If keys from the JSON do not match the table columns, the connector ignores the keys.
CREATE TABLE ORDERS (
record_metadata VARIANT,
order_id NUMBER,
customer_name VARCHAR,
order_total NUMBER,
ispaid BOOLEAN
);
If you choose to create your own pipe, you can define the data transformation logic in the pipe’s COPY INTO statement. You can rename columns as required and cast the data types as needed.
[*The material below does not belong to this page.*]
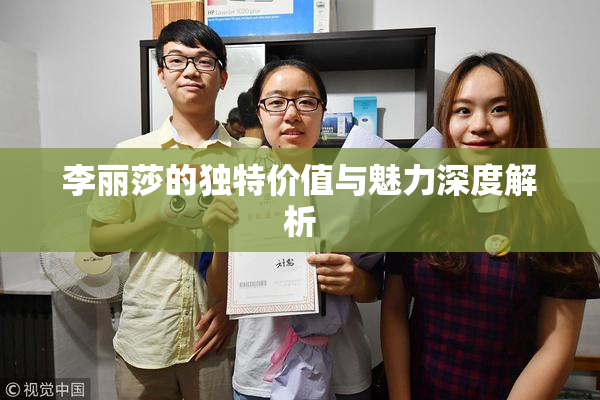 李丽莎的独特价值与魅力深度解析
For example:
CREATE TABLE ORDERS (
order_id VARCHAR,
customer_name VARCHAR,
order_total VARCHAR,
ispaid VARCHAR
);
CREATE PIPE ORDERS AS
COPY INTO ORDERS
FROM (
SELECT
$1:order_id::STRING,
$1:customer_name,
$1:order_total::STRING,
$1:isPaid::STRING
FROM TABLE(DATA_SOURCE(TYPE => 'STREAMING'))
);
or
CREATE TABLE ORDERS (
topic VARCHAR,
partition VARCHAR,
order_id VARCHAR,
customer_name VARCHAR,
order_total VARCHAR,
ispaid VARCHAR
);
CREATE PIPE ORDERS AS
COPY INTO ORDERS
FROM (
SELECT
$1:RECORD_METADATA.topic::STRING AS topic,
$1:RECORD_METADATA.partition::STRING AS partition,
$1['order_id']::STRING AS order_id,
$1['customer_name']::STRING as customer_name,
CONCAT($1['order_total']::STRING, ' USD') AS order_total,
$1['isPaid']::STRING AS ispaid
FROM TABLE(DATA_SOURCE(TYPE => 'STREAMING'))
);
When you define your own pipe your destination table columns need not need match the JSON keys. You can rename the columns to your desired names and cast the data types if required.
Topic names, table names, and pipe names¶
Depending on the configuration settings, the connector will use different names for the destination table. The destination table name is always derived from the topic name.
How the connector maps topic names to the destination table¶
The Kafka connector provides two modes for mapping Kafka topic names to Snowflake table names:
Static mapping: The connector derives destination table names using only Kafka topic name.
Explicit topic-to-table mapping mode: You specify custom mappings between topics and tables using the
snowflake.topic2table.mapconfiguration parameter
Static mapping¶
If you do not configure the snowflake.topic2table.map parameter, the connector always derives the table names from the topic name.
Table name generation:
The connector derives the destination table name from the topic name using the following rules:
If the topic name is a valid Snowflake identifier the connector uses the topic name as the destination table name, converted to uppercase).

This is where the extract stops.